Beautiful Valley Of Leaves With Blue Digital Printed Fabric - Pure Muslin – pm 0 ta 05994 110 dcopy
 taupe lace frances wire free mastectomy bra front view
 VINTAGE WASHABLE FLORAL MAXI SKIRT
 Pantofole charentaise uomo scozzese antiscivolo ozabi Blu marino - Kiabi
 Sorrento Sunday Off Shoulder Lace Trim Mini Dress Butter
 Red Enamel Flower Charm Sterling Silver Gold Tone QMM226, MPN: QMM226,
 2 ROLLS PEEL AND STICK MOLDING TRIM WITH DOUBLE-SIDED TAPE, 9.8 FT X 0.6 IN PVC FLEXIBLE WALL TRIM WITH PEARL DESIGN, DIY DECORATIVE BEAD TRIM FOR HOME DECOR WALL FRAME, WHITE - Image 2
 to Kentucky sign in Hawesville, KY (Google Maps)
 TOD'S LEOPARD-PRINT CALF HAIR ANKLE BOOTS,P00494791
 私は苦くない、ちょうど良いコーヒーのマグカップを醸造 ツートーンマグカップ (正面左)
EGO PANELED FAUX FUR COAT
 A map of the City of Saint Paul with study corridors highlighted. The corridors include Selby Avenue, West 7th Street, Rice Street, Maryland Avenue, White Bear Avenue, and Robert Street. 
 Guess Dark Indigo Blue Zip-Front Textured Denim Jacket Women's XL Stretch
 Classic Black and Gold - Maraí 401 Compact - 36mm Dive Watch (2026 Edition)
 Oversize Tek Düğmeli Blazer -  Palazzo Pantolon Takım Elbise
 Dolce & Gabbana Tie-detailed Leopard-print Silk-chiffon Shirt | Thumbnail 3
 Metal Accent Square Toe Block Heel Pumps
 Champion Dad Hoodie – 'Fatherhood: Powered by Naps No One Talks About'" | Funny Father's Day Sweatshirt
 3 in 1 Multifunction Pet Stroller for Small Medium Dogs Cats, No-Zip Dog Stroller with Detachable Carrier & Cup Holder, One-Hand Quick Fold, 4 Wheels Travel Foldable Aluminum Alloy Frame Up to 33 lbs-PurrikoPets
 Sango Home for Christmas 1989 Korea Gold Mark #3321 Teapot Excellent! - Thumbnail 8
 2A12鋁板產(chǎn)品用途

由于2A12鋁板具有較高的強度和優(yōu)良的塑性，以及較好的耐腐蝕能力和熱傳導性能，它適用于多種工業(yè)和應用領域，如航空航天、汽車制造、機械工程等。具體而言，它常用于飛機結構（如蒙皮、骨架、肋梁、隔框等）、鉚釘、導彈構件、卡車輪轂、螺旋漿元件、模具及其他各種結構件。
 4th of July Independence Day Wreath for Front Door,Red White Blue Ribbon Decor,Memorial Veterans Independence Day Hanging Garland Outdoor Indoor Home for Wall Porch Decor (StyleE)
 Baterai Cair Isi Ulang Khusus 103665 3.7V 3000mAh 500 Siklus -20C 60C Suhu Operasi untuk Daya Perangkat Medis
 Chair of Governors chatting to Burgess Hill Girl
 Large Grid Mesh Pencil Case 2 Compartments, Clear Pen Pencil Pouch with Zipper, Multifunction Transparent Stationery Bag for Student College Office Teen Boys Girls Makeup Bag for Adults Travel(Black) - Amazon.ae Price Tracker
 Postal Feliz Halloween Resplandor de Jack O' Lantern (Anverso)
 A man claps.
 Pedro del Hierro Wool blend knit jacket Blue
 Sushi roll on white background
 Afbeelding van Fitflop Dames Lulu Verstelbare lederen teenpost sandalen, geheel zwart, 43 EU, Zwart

GOAL OF THE EXERCISE
Extract the data exactly as given.

TASK SOLUTION
Beautiful Valley Of Leaves With Blue Digital Printed Fabric - Pure Muslin – pm 0 ta 05994 110 dcopy
 taupe lace frances wire free mastectomy bra front view
 VINTAGE WASHABLE FLORAL MAXI SKIRT
 Pantofole charentaise uomo scozzese antiscivolo ozabi Blu marino - Kiabi
 Sorrento Sunday Off Shoulder Lace Trim Mini Dress Butter
 Red Enamel Flower Charm Sterling Silver Gold Tone QMM226, MPN: QMM226,
 2 ROLLS PEEL AND STICK MOLDING TRIM WITH DOUBLE-SIDED TAPE, 9.8 FT X 0.6 IN PVC FLEXIBLE WALL TRIM WITH PEARL DESIGN, DIY DECORATIVE BEAD TRIM FOR HOME DECOR WALL FRAME, WHITE - Image 2
 to Kentucky sign in Hawesville, KY (Google Maps)
 TOD'S LEOPARD-PRINT CALF HAIR ANKLE BOOTS,P00494791
 私は苦くない、ちょうど良いコーヒーのマグカップを醸造 ツートーンマグカップ (正面左)
EGO PANELED FAUX FUR COAT
 A map of the City of Saint Paul with study corridors highlighted. The corridors include Selby Avenue, West 7th Street, Rice Street, Maryland Avenue, White Bear Avenue, and Robert Street. 
 Guess Dark Indigo Blue Zip-Front Textured Denim Jacket Women's XL Stretch
 Classic Black and Gold - Maraí 401 Compact - 36mm Dive Watch (2026 Edition)
 Oversize Tek Düğmeli Blazer -  Palazzo Pantolon Takım Elbise
 Dolce & Gabbana Tie-detailed Leopard-print Silk-chiffon Shirt | Thumbnail 3
 Metal Accent Square Toe Block Heel Pumps
 Champion Dad Hoodie – 'Fatherhood: Powered by Naps No One Talks About'" | Funny Father's Day Sweatshirt
 3 in 1 Multifunction Pet Stroller for Small Medium Dogs Cats, No-Zip Dog Stroller with Detachable Carrier & Cup Holder, One-Hand Quick Fold, 4 Wheels Travel Foldable Aluminum Alloy Frame Up to 33 lbs-PurrikoPets
 Sango Home for Christmas 1989 Korea Gold Mark #3321 Teapot Excellent! - Thumbnail 8
 2A12鋁板產(chǎn)品用途

由于2A12鋁板具有較高的強度和優(yōu)良的塑性，以及較好的耐腐蝕能力和熱傳導性能，它適用于多種工業(yè)和應用領域，如航空航天、汽車制造、機械工程等。具體而言，它常用于飛機結構（如蒙皮、骨架、肋梁、隔框等）、鉚釘、導彈構件、卡車輪轂、螺旋漿元件、模具及其他各種結構件。
 4th of July Independence Day Wreath for Front Door,Red White Blue Ribbon Decor,Memorial Veterans Independence Day Hanging Garland Outdoor Indoor Home for Wall Porch Decor (StyleE)
 Baterai Cair Isi Ulang Khusus 103665 3.7V 3000mAh 500 Siklus -20C 60C Suhu Operasi untuk Daya Perangkat Medis
 Chair of Governors chatting to Burgess Hill Girl
 Large Grid Mesh Pencil Case 2 Compartments, Clear Pen Pencil Pouch with Zipper, Multifunction Transparent Stationery Bag for Student College Office Teen Boys Girls Makeup Bag for Adults Travel(Black) - Amazon.ae Price Tracker
 Postal Feliz Halloween Resplandor de Jack O' Lantern (Anverso)
 A man claps.
 Pedro del Hierro Wool blend knit jacket Blue
 Sushi roll on white background
 Afbeelding van Fitflop Dames Lulu Verstelbare lederen teenpost sandalen, geheel zwart, 43 EU, Zwart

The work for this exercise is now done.